We're also not going to separate suggestions into 2-seat and 4-seat choices, because at this price point, the 4-seat options are essentially 2-seat aircraft with extra cabin space, given horsepower options and useful load.
Photo: Brad Thornberg
From the forum thread "Ultimate PA-22 Dream Build"
Certified aircraft are factory-built and FAA-approved, making them a safer investment with known maintenance records and a strong support network for parts and repairs. While not all certified planes are ready for the backcountry out of the box, many can be modified with bolt-on modifications like big tires, STOL kits, longer props, and gear reinforcements to enhance their off-airport capabilities.
Tough and surprisingly capable in trike form, even more so when converted to a taildragger; one of the best budget-friendly options, enjoying a comprehensive parts and modifications ecosystem. The nosegear on the trike version is integral with the engine mount, a much stronger design than the Cessna 172 to which it is often compared.
"For 80K you can get a nice Pacer that will do the job and also teach you how to be a decent taildragger pilot along the way."
"They are great airplanes, but they are not that much faster than a cub with all the goodies, the back seat is cramped for full size adults, and the over-the-nose visibility is not very good. My kids are less than 100lbs combined at the moment, so it works perfect for us."

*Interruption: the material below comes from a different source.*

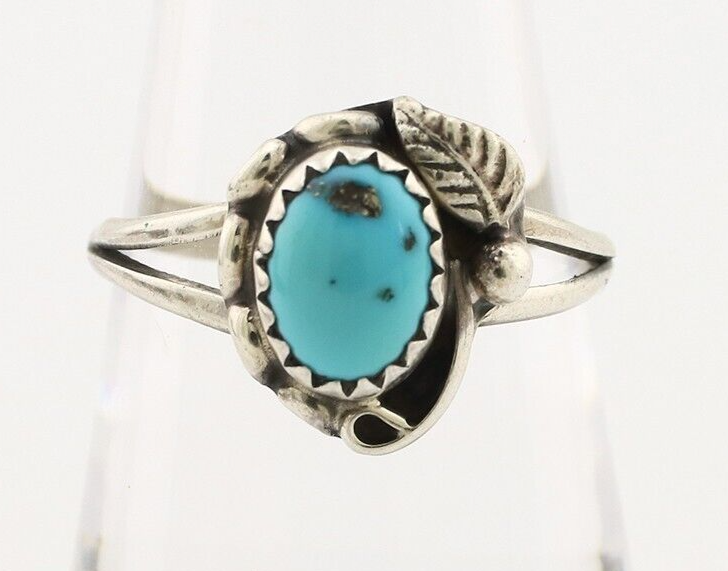 Navajo Ring 925 Silver Turquoise Artist Signed SkyStone Creations C.80's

There is a large community of short-wing Piper owners/pilots, and a good amount of content out there to study. Here's a great walk-around/cockpit intro video by photographer and pilot Nathan Norby of the Pacer owned by him and his friend Al Pawling:
A solid 4-seat Cadillac of the sky, the 108 comes in 3 variants (-1,-2,-3), most equipped with Franklin engines from 150-165hp. Some aircraft were upgraded over the years to the Franklin 220, Lycoming O-360, and even the powerful Continental O-470, though at expense to useful load. One notable structural change to the 108-3 is the larger vertical stabilizer.
"My 108 has never let me down, even up at high density altitudes during summer in the Rockies. It's been even better since I swapped the Franklin 165 for an O-360."
"I have an O-360 Stinson 108-2. For under 100K it's tough to find anything better... I climb at 1000fpm at DA's in the 3000 ft range. Takeoff in under 350'. Cruise faster than a Cub (105-120mph depending on prop pitch)."
"...if I had to choose between a Pacer, Clipper or Stinson all with the bigger engines, I'd go with a Stinson. Much more robust of an aircraft, and larger cabin area. The 108 on bushwheels...sexy!."
While the market on the desirable "B" model of the seminal Cessna 4-seater has skyrocketed, with even the stock 145hp engine models being listed north of $90k, its two predecessors the Cessna 170 and 170A remain attainable. What's the difference? The B-model added some design improvements to the wing like larger Fowler flaps (slide on slotted tracks vs simple hinge), increased dihedral, and washout for overall safer flight characteristics. It also added balanced elevators and a better heater, and in later models, stiffer gear legs. You can read more about Cessna 170 model distinctions on the Cessna 170 Knowledge Base entry.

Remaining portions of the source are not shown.